*** DATA IN THIS EXERCISE ***

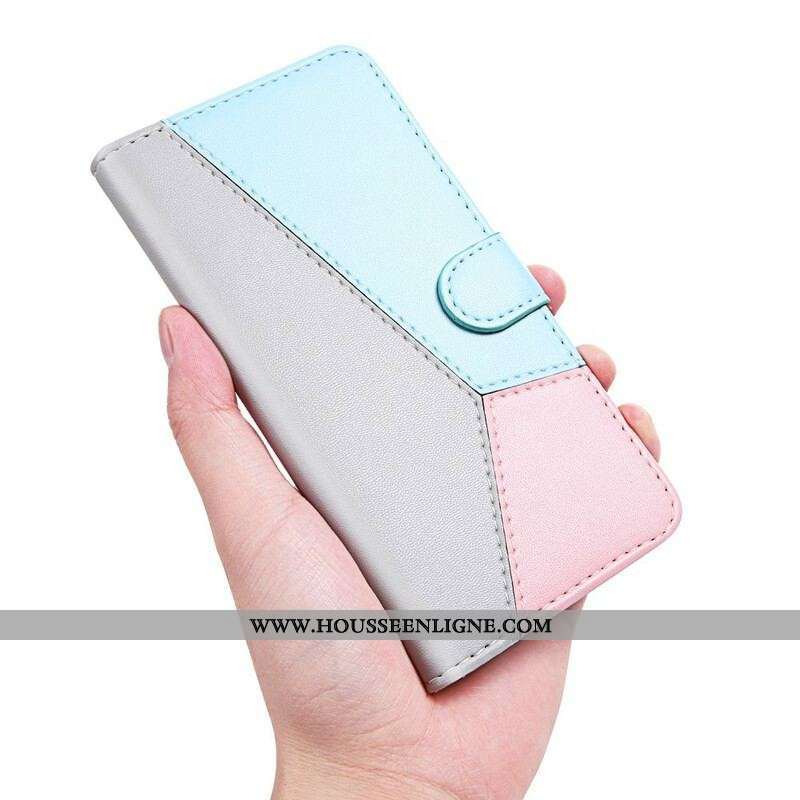 Housse iPhone 13 Mini Effet Cuir Tricolore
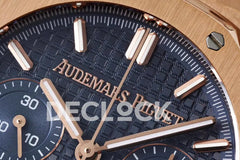 Replica Audemars Pigeut Royal Oak Self-Winding Chronograph Blue Dial in Rose Gold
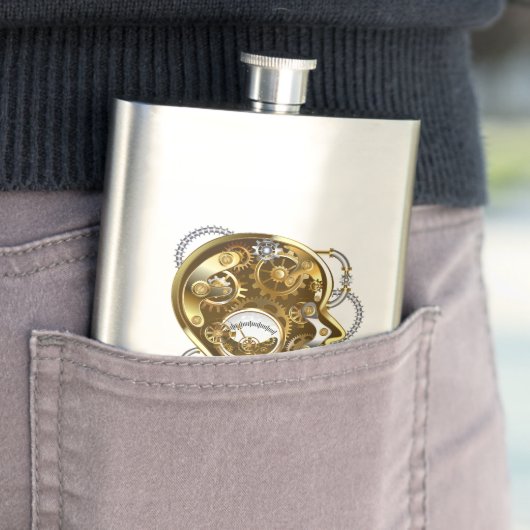 Steampunkhoofd met manometer flacon (Voorbeeld)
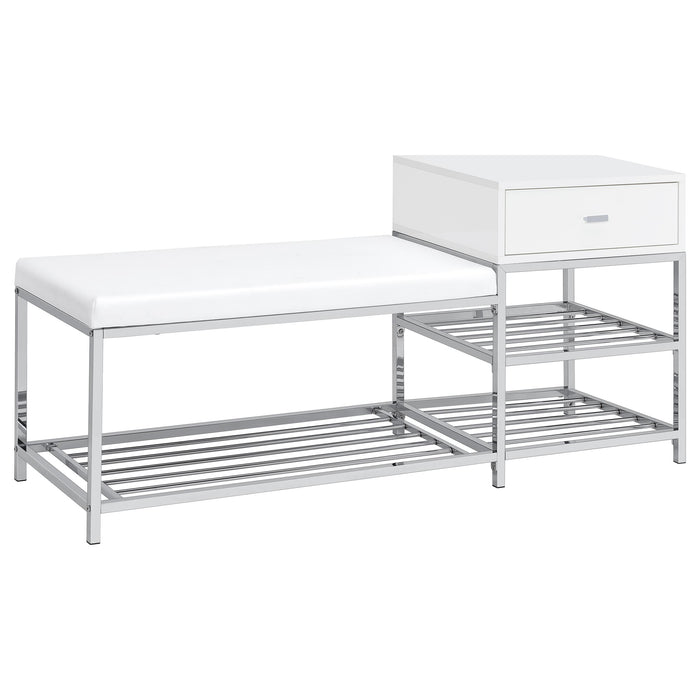 Siega 1-Drawer Shoe Storage Entryway Bench White High Gloss and Chrome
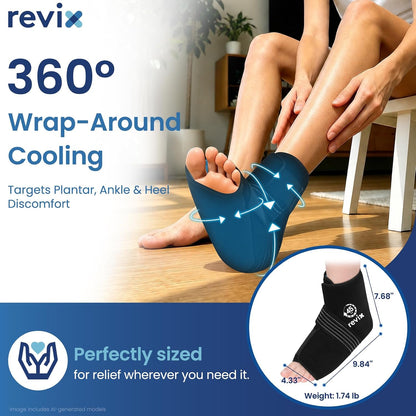 REVIX Foot Ankle Ice Pack Wrap, Gel Ice Packs for Feet Discomfort, 2 Packs | 45-Min Long Lasting Foot Ice Pack Wrap, Full Coverage Ankle Ice Wrap for Post-Workout Recovery, Plantar Fasciitis, Heel Spur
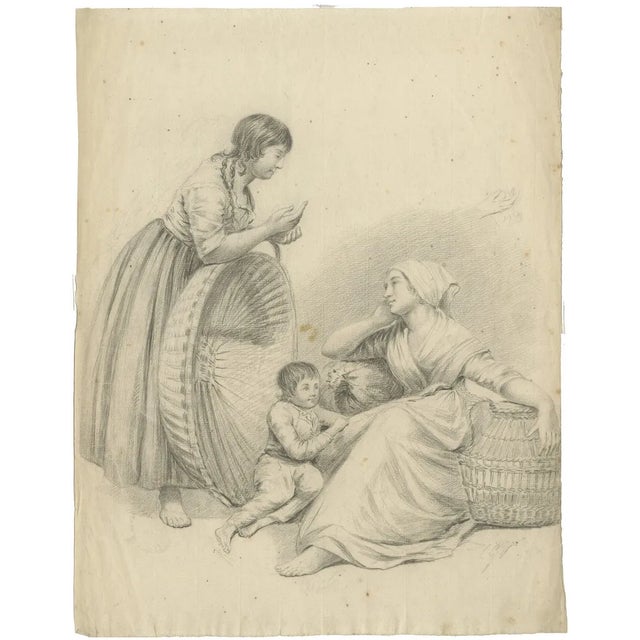 Dutch Artist, Woman with Children and Baskets, 1805, Crayon Drawing For Sale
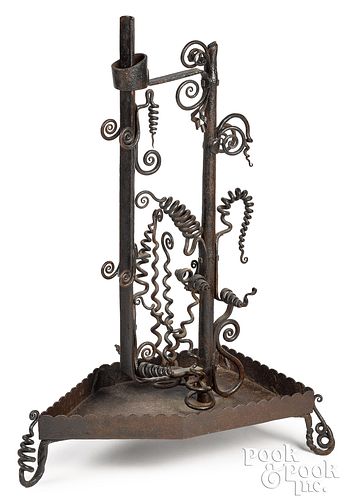 Wrought iron flag holder, early 20th c.
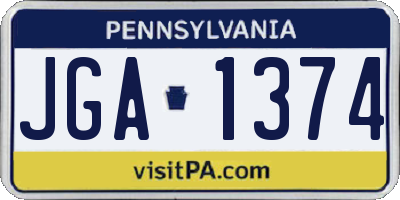 PA license plate JGA1374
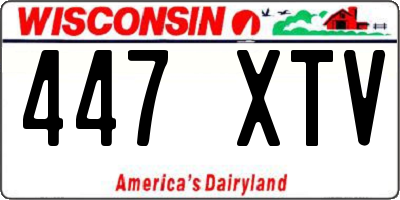 WI license plate 447XTV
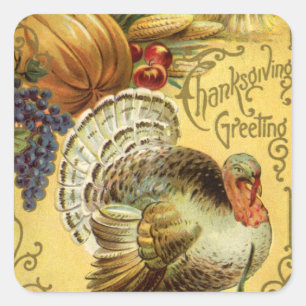 Vintage Thanksgiving Greetings with Turkey Square Sticker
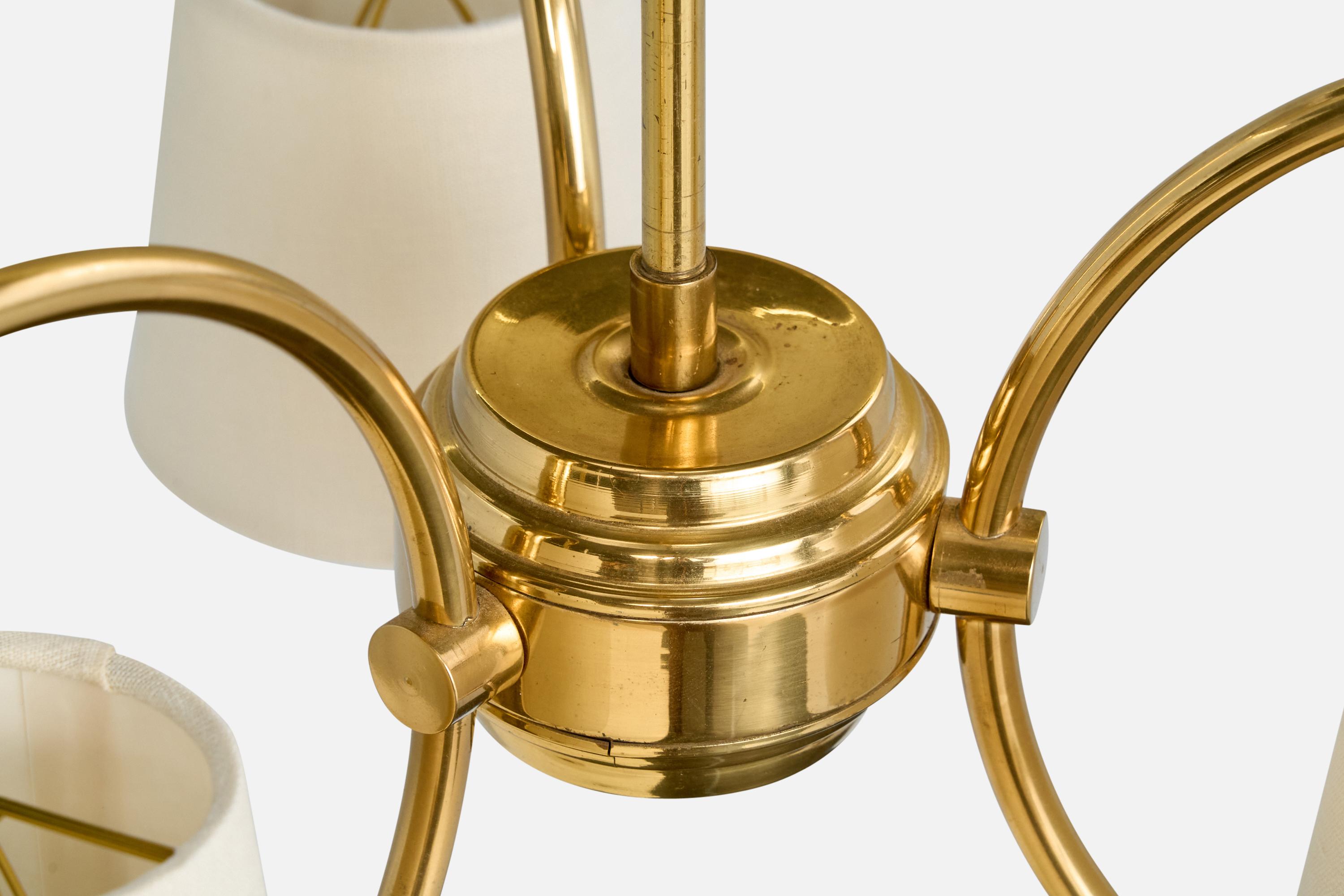 Lampadario di design svedese, ottone, tessuto, Svezia, anni '1960 in vendita 2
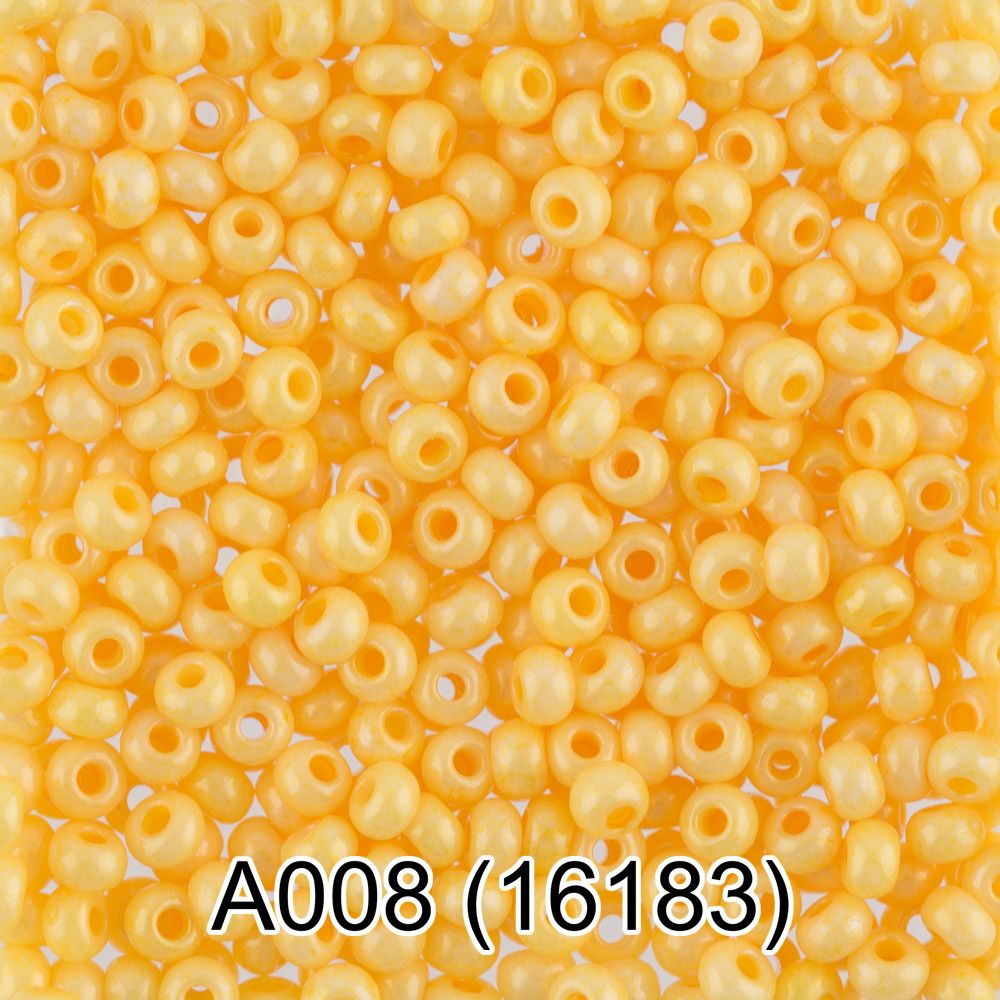Бисер Preciosa круглый 10/0, 2.3 мм, 10х5 г, 1-й сорт, A008 желтый, 16183, круглый 1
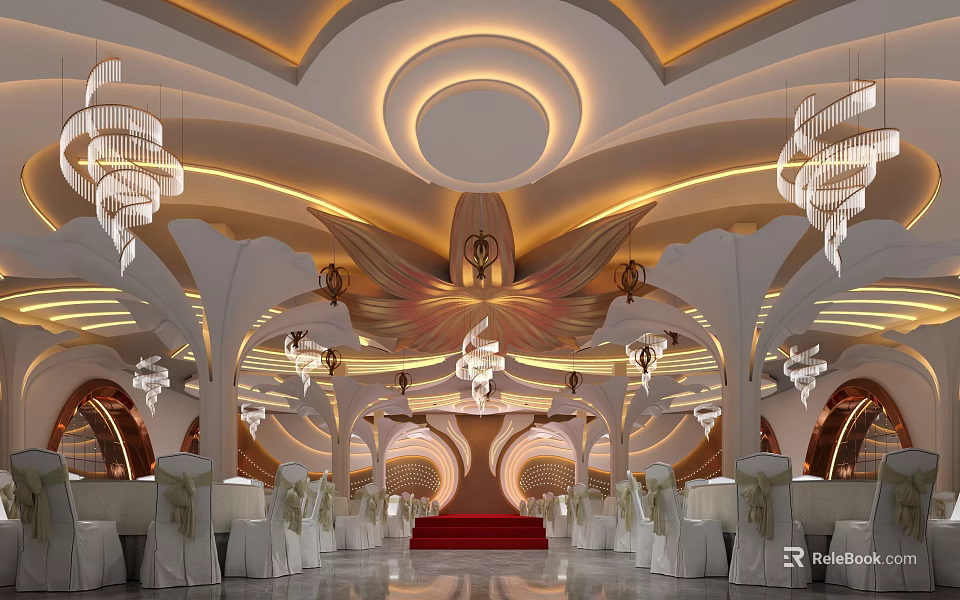Luxurious Banquet Hall Interior With Circular Light Ceiling White Chandeliers Arched Columns And Red Carpet 3d model 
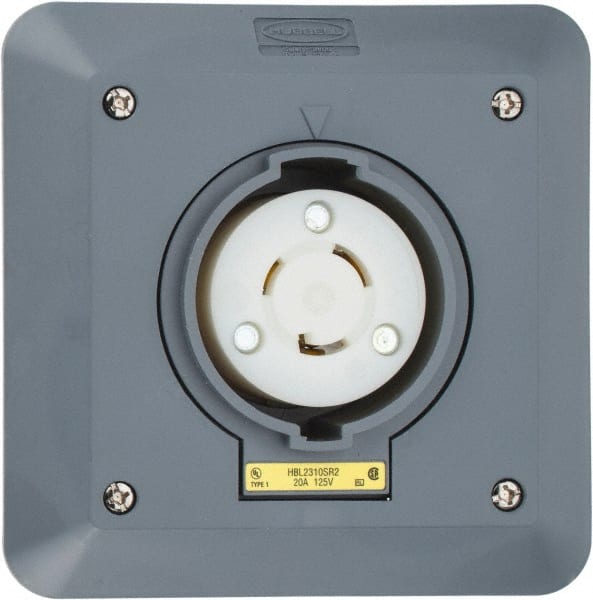 Hubbell Wiring Device-Kellems - 125 VAC, 20 Amp, L5-20R NEMA, Self Grounding Receptacle - 2 Poles, 3 Wire, Female End, Gray - Exact Tooling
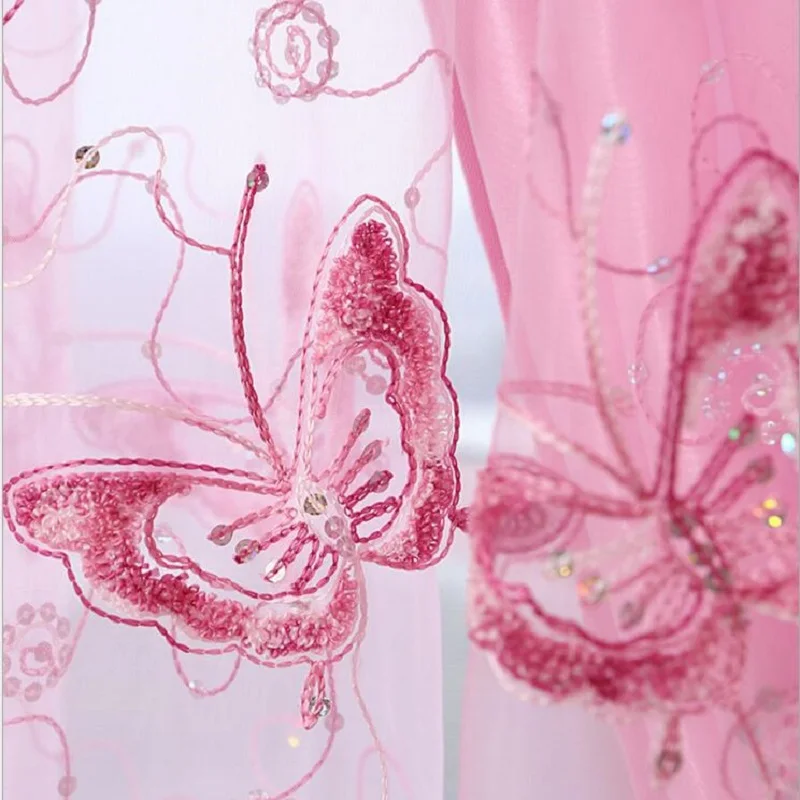 Romantic Modern Embroidered Sequins Butterfly Rustic Sheer Purple Voile Curtains For Living Room Bedroom Kitchen sheer curtains window curtains decor curtains embroidered curtains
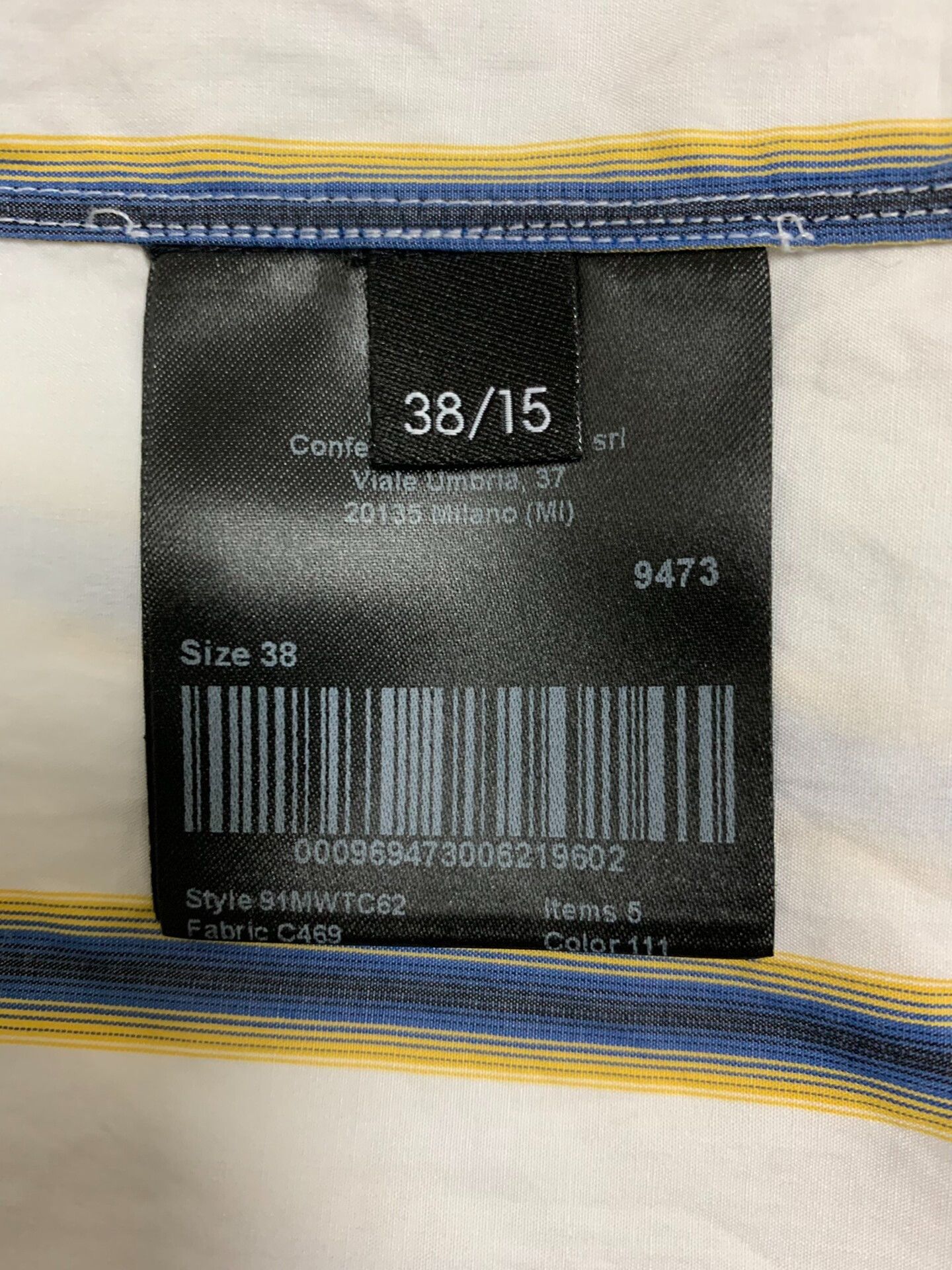 Calvin Klein 205W39NYC Calvin Klein Striped Shirt with Metal Collar Support Size US M / EU 48-50 / 2 - 5 Thumbnail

*** End of DATA IN THIS EXERCISE ***

=== ABOUT THIS EXERCISE ===
Please copy the data shown above precisely, leaving the images out.

=== RESULT FOR THIS EXERCISE ===
 Housse iPhone 13 Mini Effet Cuir Tricolore
 Replica Audemars Pigeut Royal Oak Self-Winding Chronograph Blue Dial in Rose Gold
 Steampunkhoofd met manometer flacon (Voorbeeld)
 Siega 1-Drawer Shoe Storage Entryway Bench White High Gloss and Chrome
 REVIX Foot Ankle Ice Pack Wrap, Gel Ice Packs for Feet Discomfort, 2 Packs | 45-Min Long Lasting Foot Ice Pack Wrap, Full Coverage Ankle Ice Wrap for Post-Workout Recovery, Plantar Fasciitis, Heel Spur
 Dutch Artist, Woman with Children and Baskets, 1805, Crayon Drawing For Sale
 Wrought iron flag holder, early 20th c.
 PA license plate JGA1374
 WI license plate 447XTV
 Vintage Thanksgiving Greetings with Turkey Square Sticker
 Lampadario di design svedese, ottone, tessuto, Svezia, anni '1960 in vendita 2
Бисер Preciosa круглый 10/0, 2.3 мм, 10х5 г, 1-й сорт, A008 желтый, 16183, круглый 1
Luxurious Banquet Hall Interior With Circular Light Ceiling White Chandeliers Arched Columns And Red Carpet 3d model 
 Hubbell Wiring Device-Kellems - 125 VAC, 20 Amp, L5-20R NEMA, Self Grounding Receptacle - 2 Poles, 3 Wire, Female End, Gray - Exact Tooling
 Romantic Modern Embroidered Sequins Butterfly Rustic Sheer Purple Voile Curtains For Living Room Bedroom Kitchen sheer curtains window curtains decor curtains embroidered curtains
 Calvin Klein 205W39NYC Calvin Klein Striped Shirt with Metal Collar Support Size US M / EU 48-50 / 2 - 5 Thumbnail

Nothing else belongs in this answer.